| WHAT TO DO |
Required from the data below: the exact lines starting at the line containing "宋现涛：指引导丝头端塑形、规范操作与技巧" and ending at the line containing "ピーリング（ニキビ・毛穴） / ピコレーザートーニング（美白・肝斑）", with both ends kept and all pictures dropped.

| DATA TO EXAMINE |
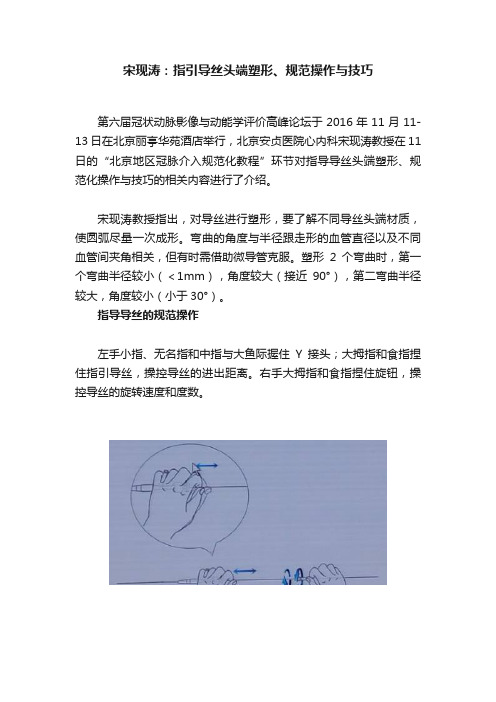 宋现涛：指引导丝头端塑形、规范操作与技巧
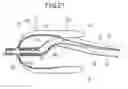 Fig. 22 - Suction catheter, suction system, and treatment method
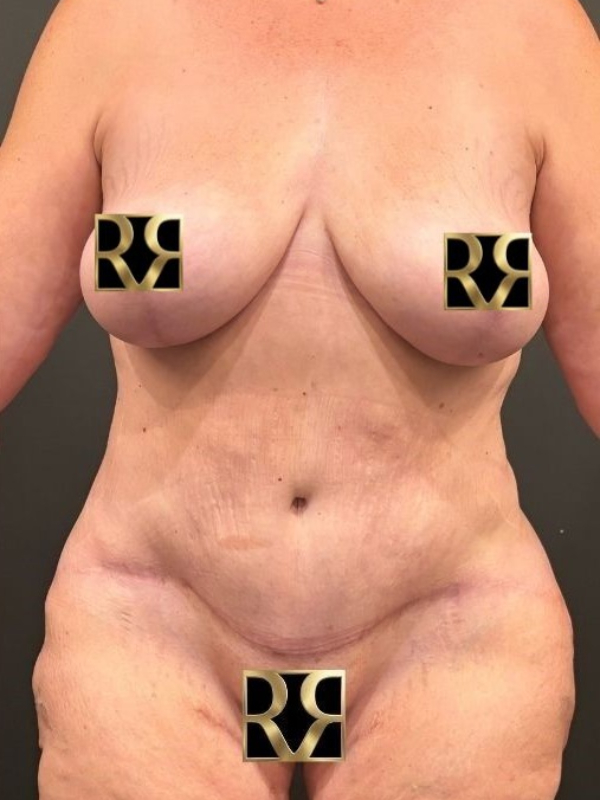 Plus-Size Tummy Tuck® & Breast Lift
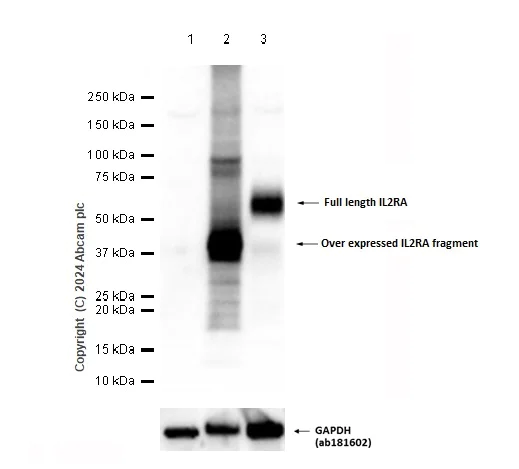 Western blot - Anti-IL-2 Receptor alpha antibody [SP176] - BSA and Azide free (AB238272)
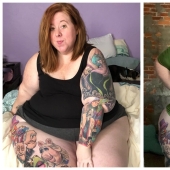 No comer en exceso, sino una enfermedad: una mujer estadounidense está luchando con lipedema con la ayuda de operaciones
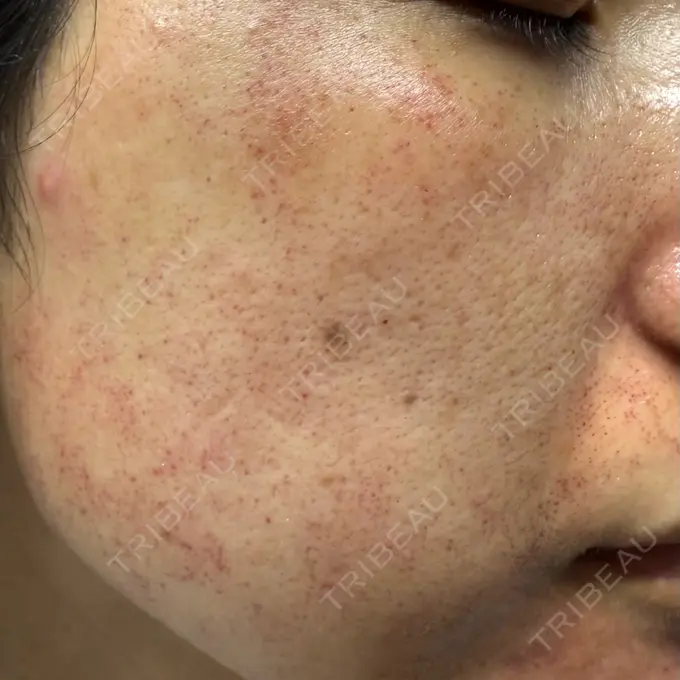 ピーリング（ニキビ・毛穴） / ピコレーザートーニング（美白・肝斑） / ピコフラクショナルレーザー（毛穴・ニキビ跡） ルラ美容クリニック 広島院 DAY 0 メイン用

...

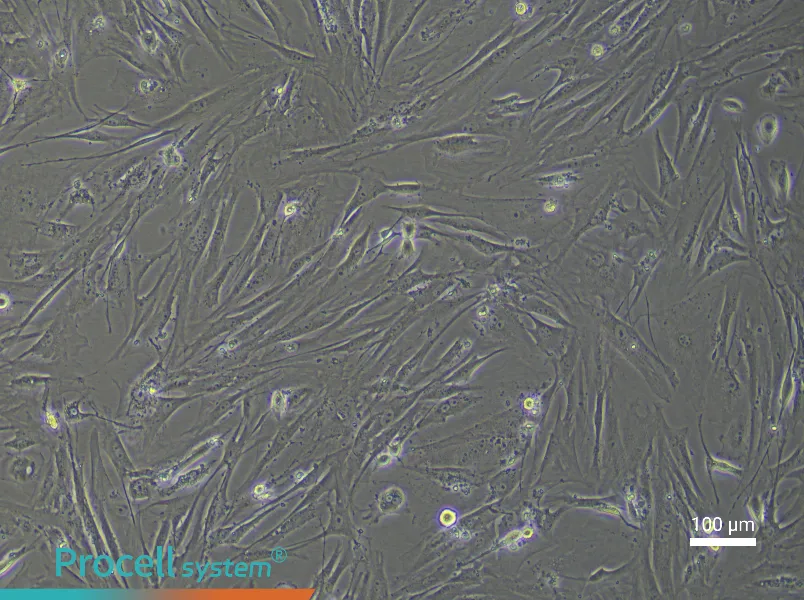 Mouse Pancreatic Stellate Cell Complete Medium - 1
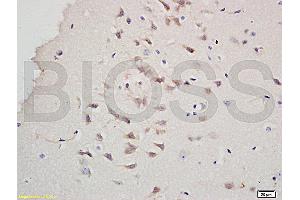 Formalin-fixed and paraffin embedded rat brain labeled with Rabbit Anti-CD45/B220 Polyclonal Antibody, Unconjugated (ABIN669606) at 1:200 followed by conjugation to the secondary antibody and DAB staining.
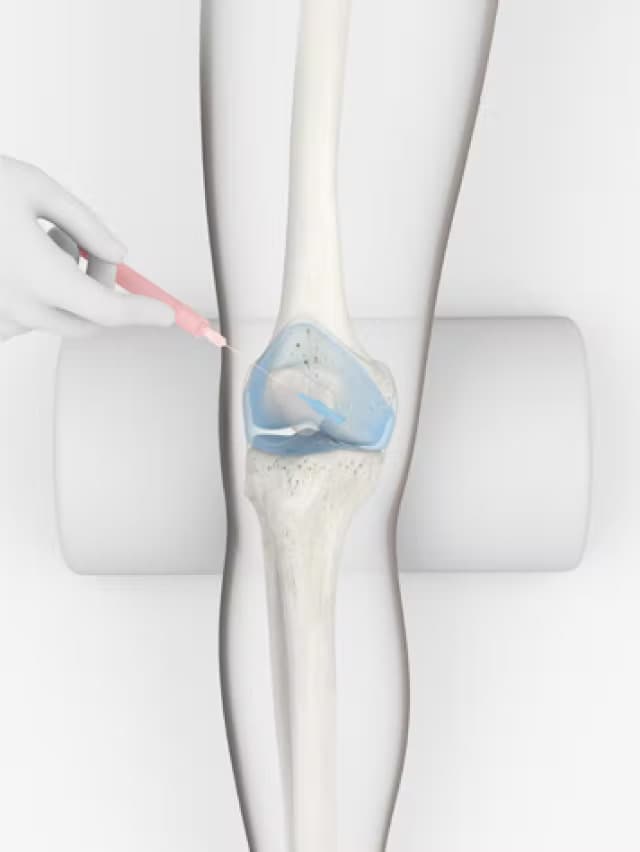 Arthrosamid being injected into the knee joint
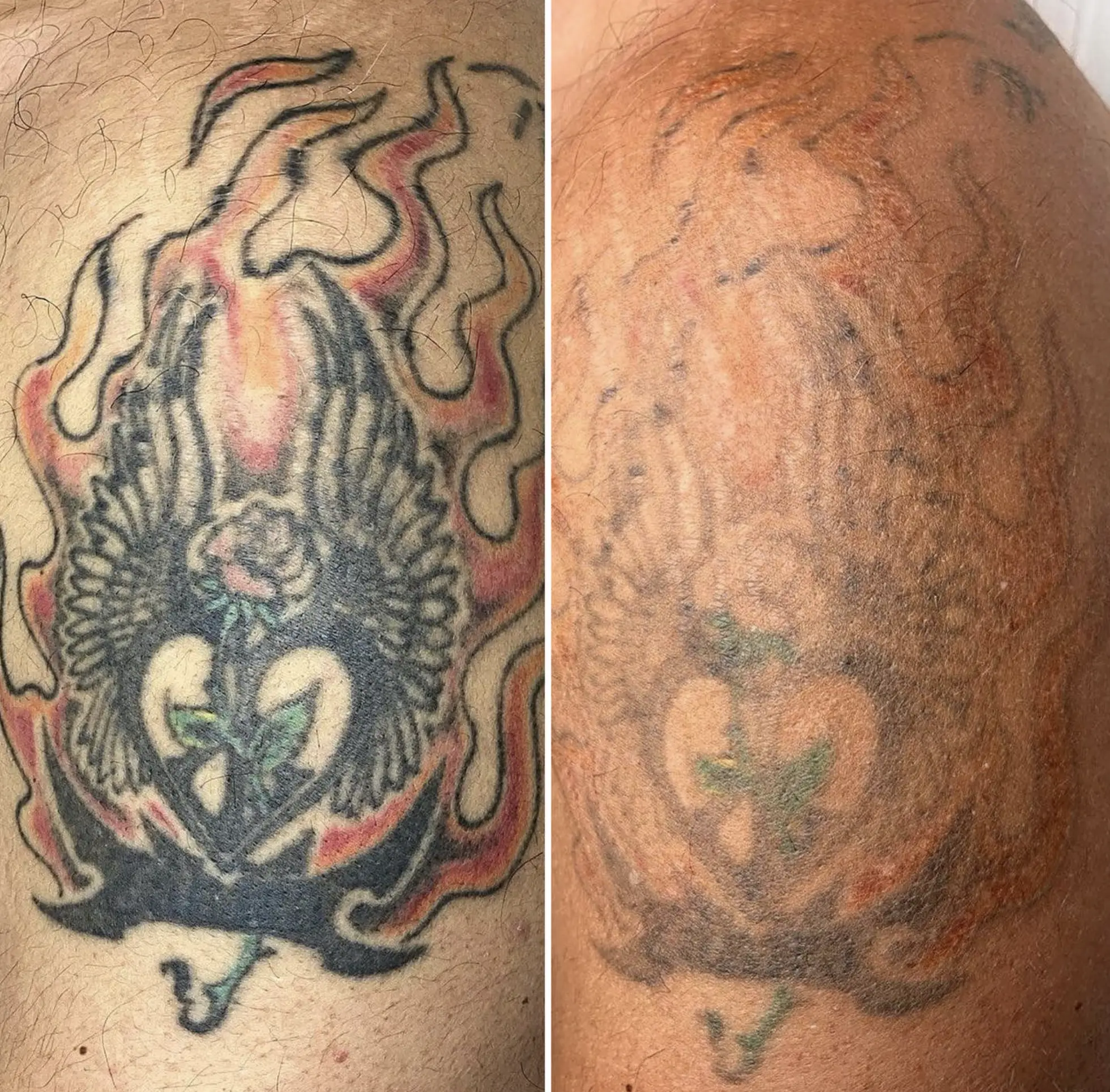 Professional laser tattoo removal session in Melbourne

--

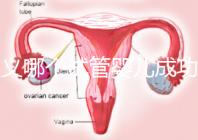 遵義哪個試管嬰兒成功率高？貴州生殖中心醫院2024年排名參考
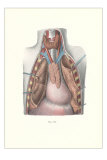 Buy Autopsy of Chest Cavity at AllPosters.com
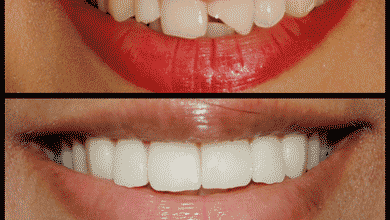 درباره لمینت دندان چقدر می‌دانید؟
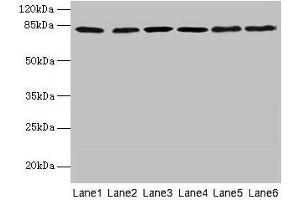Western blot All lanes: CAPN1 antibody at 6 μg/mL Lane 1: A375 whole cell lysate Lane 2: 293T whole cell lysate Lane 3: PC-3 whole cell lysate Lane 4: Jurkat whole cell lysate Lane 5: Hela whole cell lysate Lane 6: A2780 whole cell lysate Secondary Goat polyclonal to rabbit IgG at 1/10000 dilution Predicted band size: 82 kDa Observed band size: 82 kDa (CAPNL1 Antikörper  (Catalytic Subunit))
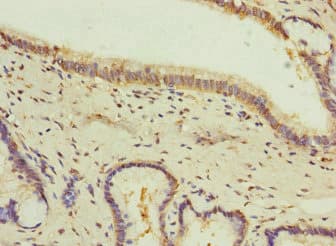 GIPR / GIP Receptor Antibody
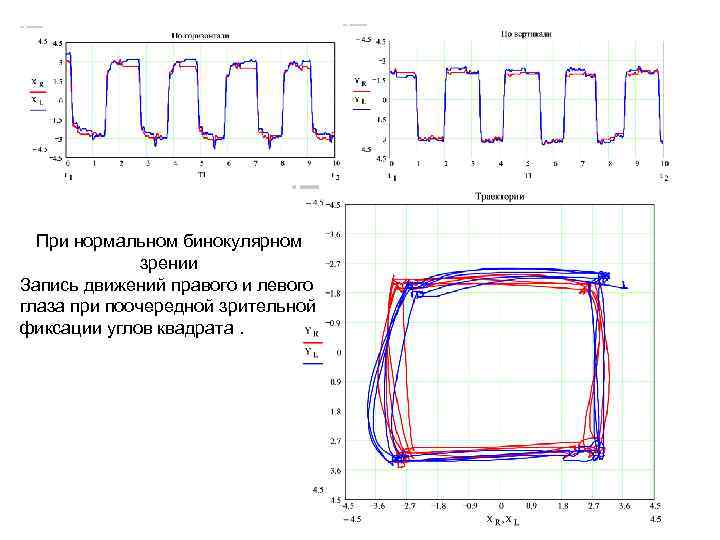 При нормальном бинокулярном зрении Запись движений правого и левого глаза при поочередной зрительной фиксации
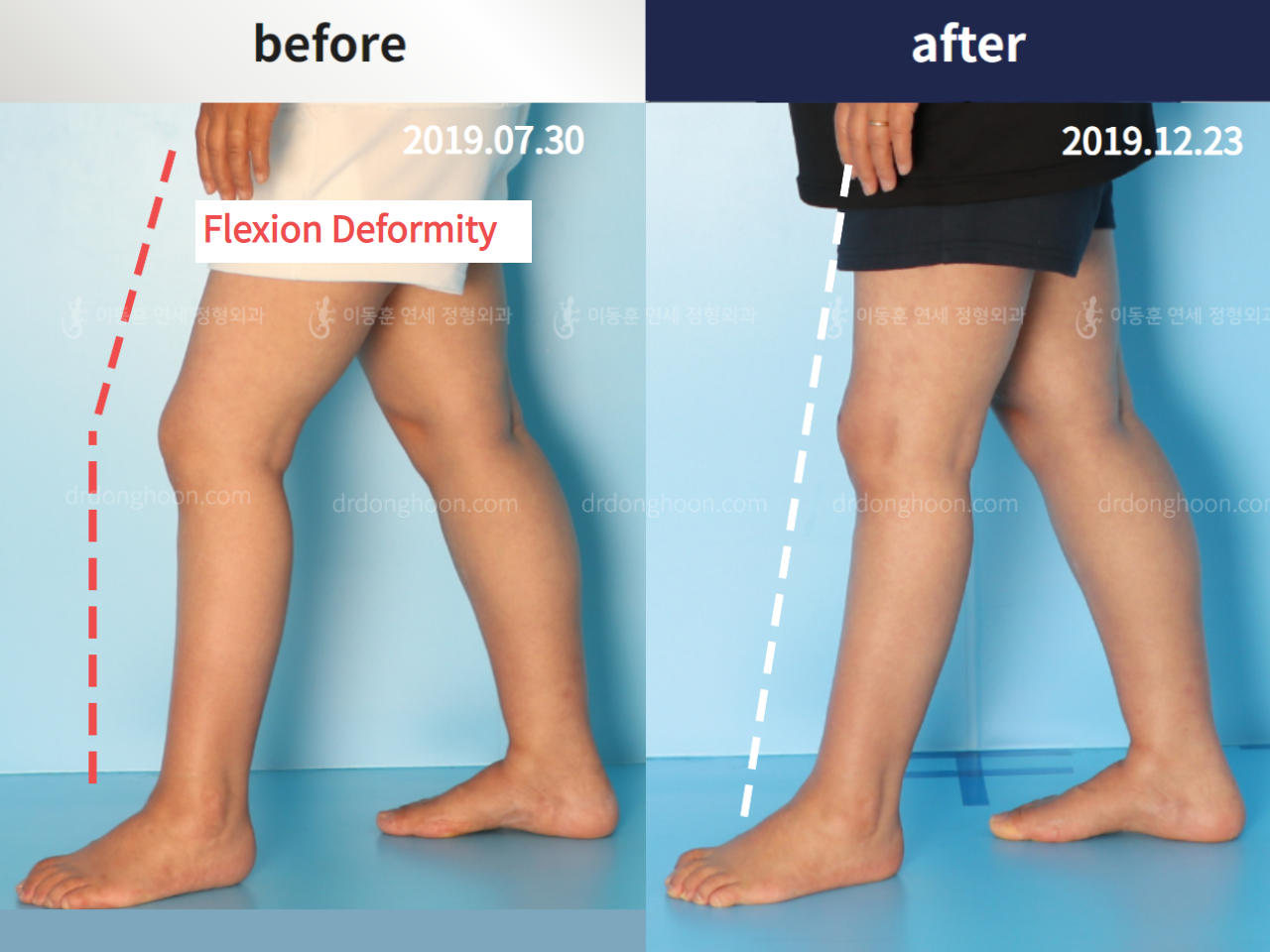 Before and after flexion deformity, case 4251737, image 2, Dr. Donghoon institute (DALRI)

| RESULT OF THIS TASK |
 宋现涛：指引导丝头端塑形、规范操作与技巧
 Fig. 22 - Suction catheter, suction system, and treatment method
 Plus-Size Tummy Tuck® & Breast Lift
 Western blot - Anti-IL-2 Receptor alpha antibody [SP176] - BSA and Azide free (AB238272)
 No comer en exceso, sino una enfermedad: una mujer estadounidense está luchando con lipedema con la ayuda de operaciones
 ピーリング（ニキビ・毛穴） / ピコレーザートーニング（美白・肝斑） / ピコフラクショナルレーザー（毛穴・ニキビ跡） ルラ美容クリニック 広島院 DAY 0 メイン用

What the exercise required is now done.